- **Assignment**
In the material below, pictures must be dropped. Repeat exactly, and only, the lines from the line with "Courbe de l'humidit" to the line with "两年之内，这155座煤矿将被关闭！都是大矿！快看看有你们矿没？", both ends included.

- **Supplied data**
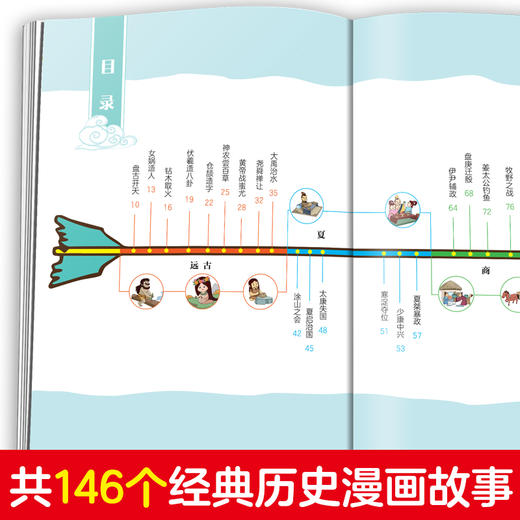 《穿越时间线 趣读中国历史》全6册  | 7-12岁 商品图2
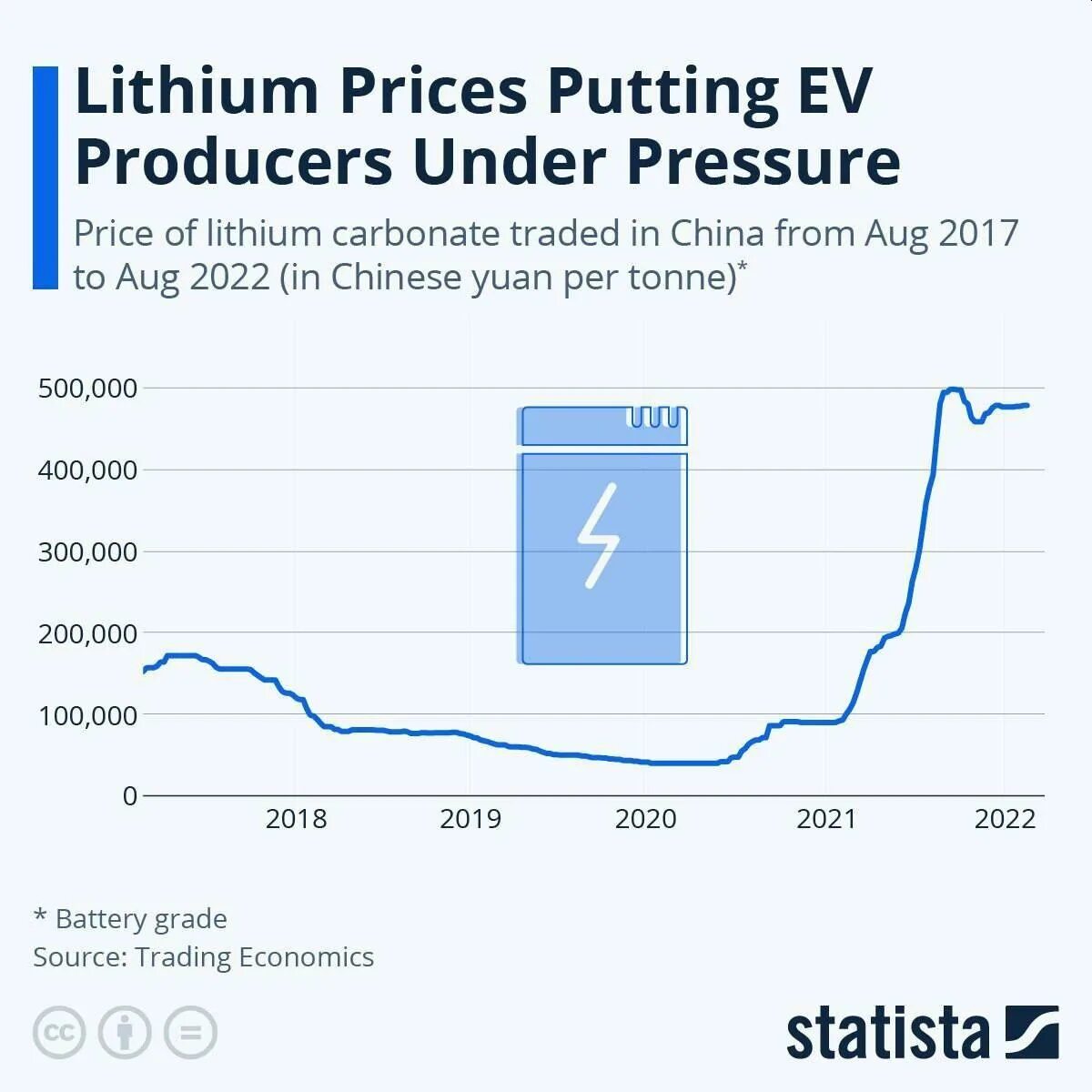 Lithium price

--

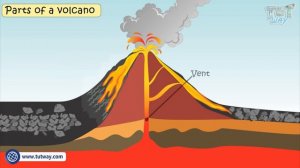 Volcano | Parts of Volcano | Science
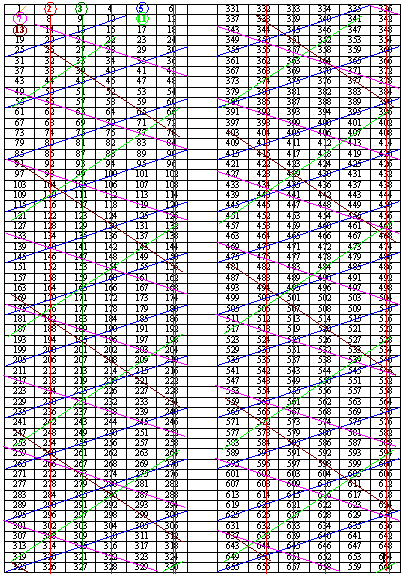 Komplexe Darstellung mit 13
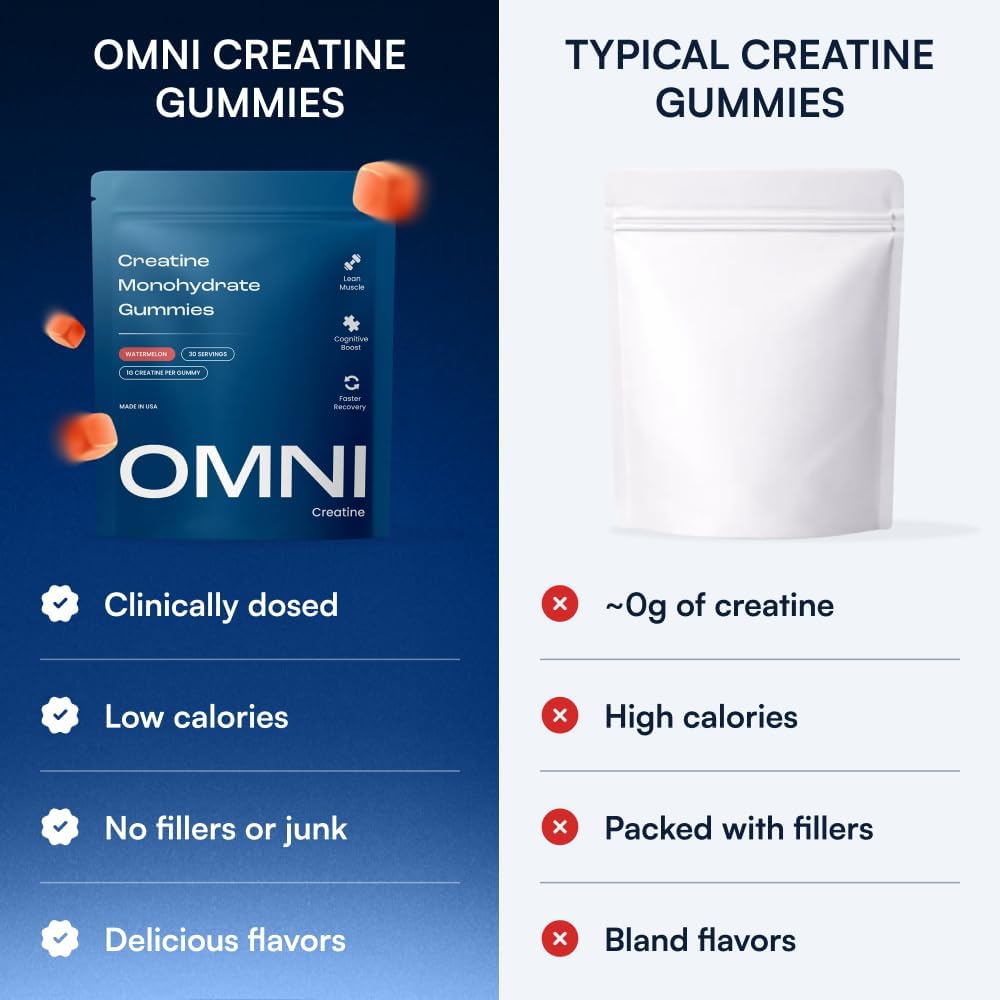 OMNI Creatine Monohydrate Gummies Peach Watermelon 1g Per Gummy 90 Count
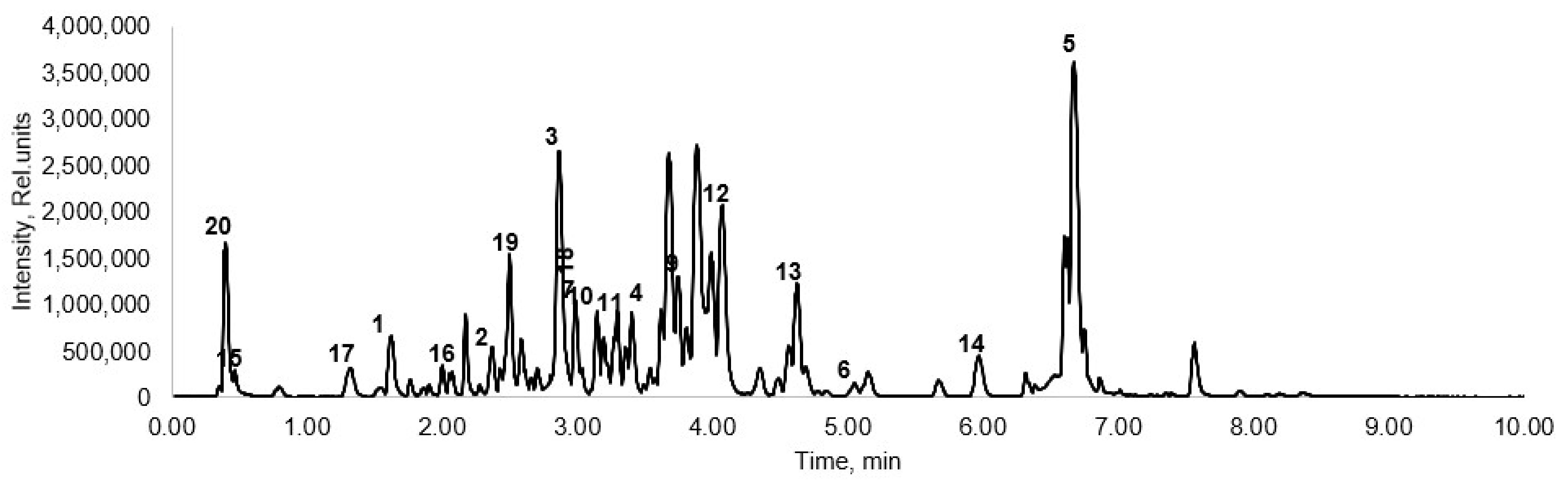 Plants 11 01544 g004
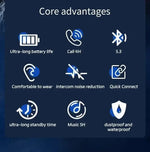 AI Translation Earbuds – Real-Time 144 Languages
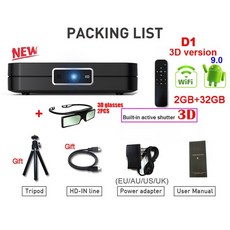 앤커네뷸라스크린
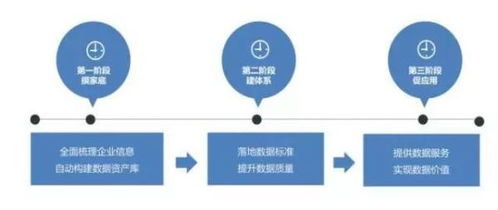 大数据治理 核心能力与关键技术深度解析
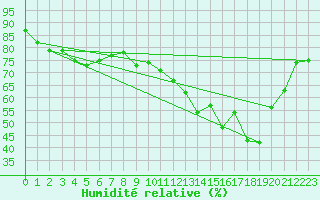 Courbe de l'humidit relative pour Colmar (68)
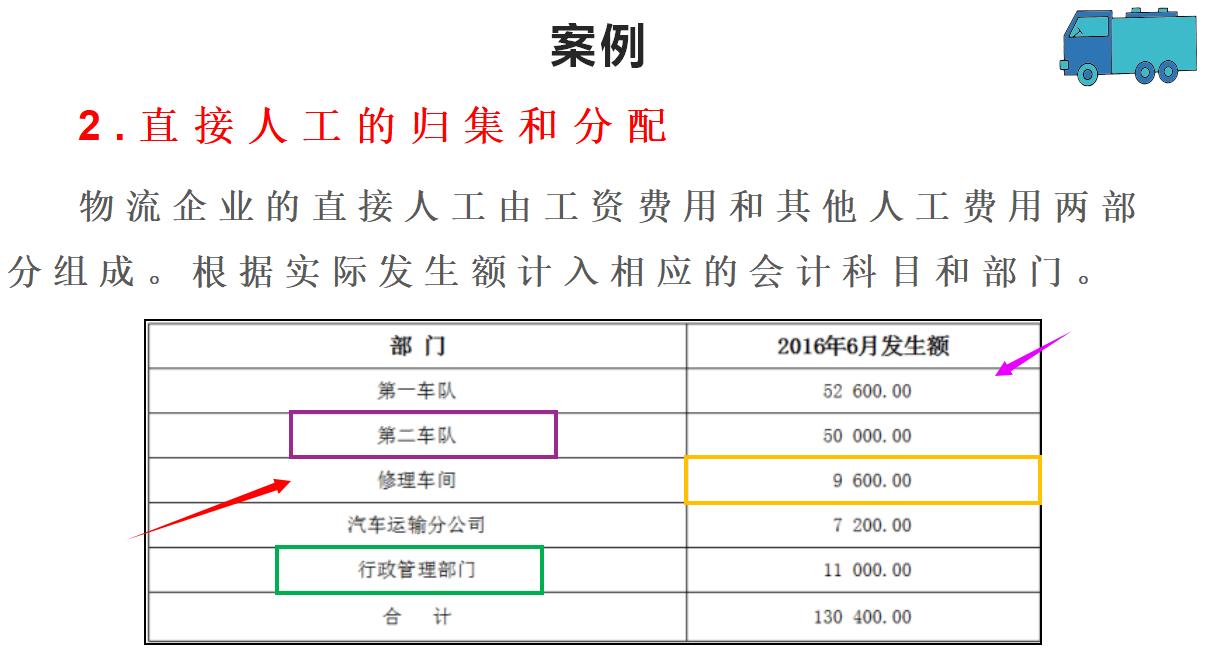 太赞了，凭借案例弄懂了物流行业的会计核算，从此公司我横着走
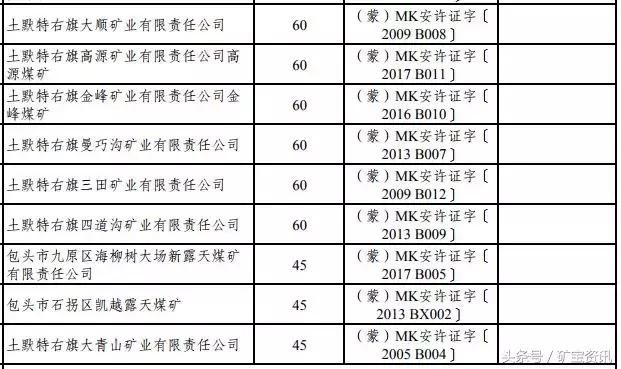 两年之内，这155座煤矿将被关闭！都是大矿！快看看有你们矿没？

- **Written solution**
 Courbe de l'humidit relative pour Colmar (68)
 太赞了，凭借案例弄懂了物流行业的会计核算，从此公司我横着走
 两年之内，这155座煤矿将被关闭！都是大矿！快看看有你们矿没？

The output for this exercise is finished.